The disappointing results of GAIT I and II were not the feared nails in the coffin for glucosamine or chondroitin everyone thought they’d be. And while raw material costs continue to pressure dietary supplement sales, researchers have stepped up for chondroitin to show that 800 mg a day is sufficient.

Further, the observation that combining glucosamine and chondroitin may not have any advantage over either alone opens the market to inventive reformulating with other ingredients.

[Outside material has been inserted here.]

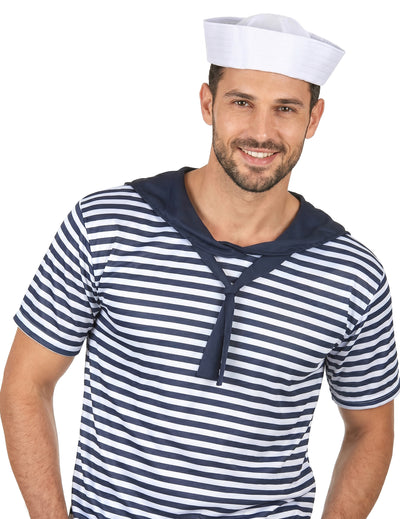 Chapeau marin blanc adulte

Anti-inflammatory ingredients as being potentially therapeutic—not just palliative—got a left-handed boost from GAIT II, wherein Celebrex relieved pain at 6 months (as expected for a COX-2 inhibitor), but surprisingly at 2 years had also resulted in one-third less loss of cartilage thickness in arthritic knees. Five years ago, before COX-2 inhibitor drugs imploded in a mass of serious side effects, many herbal pain reliever products were claiming COX-2 inhibition. Today, with licofelone, the furthest advanced combined COX/LOX inhibitor drug not yet approved for use, a few non-drug products are claiming LOX inhibition as mechanism. Proof, as always, will depend on well designed, well executed, and well reported clinical trials.
 

This article was published on Wednesday September 16, 2009.